|Subject: W Timor Militias Try To Take
Control Of Border Region
Associated Press August 23, 2000
W Timor Militias Try To Take Control Of Border Region
JAKARTA (AP)--Anti-independence militia fighters have set up roadblocks in Indonesian-controlled West Timor and are trying to take control of the border region with neighboring East Timor, a U.N. official said Wednesday.
United Nations High Commissioner for Refugees spokesman Jake Morland said the situation was now very tense in the region and he accused Indonesia's military of doing nothing to stop the militia gangs.
He said the four roadblocks had been set up between the town of Atambua and the nearby border with East Timor and the militiamen were preventing East Timorese refugees trying to return home from traveling along the road.
"They are trying to control the border area on their side," he said in a phone interview from West Timor. "Indonesia's military is fully capable of moving them but has done nothing."
Indonesian military officials in West Timor couldn't be reached for comment.
Morland said that three UNHCR staff were badly beaten Tuesday by militiamen while trying to distribute relief supplies to a refugee camp, about 60 miles west of the border.
He said gang members attacked the staff with machetes and sticks.
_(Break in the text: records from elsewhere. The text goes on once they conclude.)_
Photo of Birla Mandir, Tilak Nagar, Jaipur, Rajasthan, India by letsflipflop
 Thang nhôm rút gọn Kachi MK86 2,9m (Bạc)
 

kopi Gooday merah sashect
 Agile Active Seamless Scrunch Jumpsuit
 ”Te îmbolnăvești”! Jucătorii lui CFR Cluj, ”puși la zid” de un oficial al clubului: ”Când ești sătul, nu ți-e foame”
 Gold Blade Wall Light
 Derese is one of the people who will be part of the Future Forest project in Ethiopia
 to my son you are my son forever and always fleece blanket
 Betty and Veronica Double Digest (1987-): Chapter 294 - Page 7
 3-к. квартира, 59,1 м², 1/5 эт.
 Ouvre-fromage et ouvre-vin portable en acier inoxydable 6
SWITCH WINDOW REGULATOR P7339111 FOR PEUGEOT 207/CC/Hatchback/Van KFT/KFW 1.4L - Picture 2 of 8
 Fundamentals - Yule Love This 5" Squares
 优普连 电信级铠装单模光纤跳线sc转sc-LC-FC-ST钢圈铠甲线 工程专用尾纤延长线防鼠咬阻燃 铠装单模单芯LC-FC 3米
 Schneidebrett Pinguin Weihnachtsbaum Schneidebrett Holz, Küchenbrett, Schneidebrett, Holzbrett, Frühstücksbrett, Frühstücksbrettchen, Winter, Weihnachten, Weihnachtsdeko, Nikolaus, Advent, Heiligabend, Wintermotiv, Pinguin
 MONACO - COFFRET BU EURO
Two of them escaped after being beaten while a third staff member was captured and taken to a nearby rice paddy and had his head held under water. He later managed to escape with the help of some refugees.
Clashes between pro-Indonesia groups and U.N. peacekeepers in East Timor have become more frequent recently and there is growing speculation that sections of Indonesia's military have been arming and training the gangs.
Two U.N. peacekeepers have been killed and four others wounded in fighting so far. Several militiamen have also been killed.
The United Nations has complained repeatedly that militiamen are using West Timor as a base for border incursions.
East Timor voted for independence last Aug. 30 in a U.N.-sponsored ballot. Afterward, tens of thousands of people fled their homes when pro-Indonesia militiamen reacted by going on a violent rampage.
The violence ended when international forces landed in the territory in September. Most refugees have since returned home, but about 80,000 - mainly militiamen and their families - remain in camps in West Timor.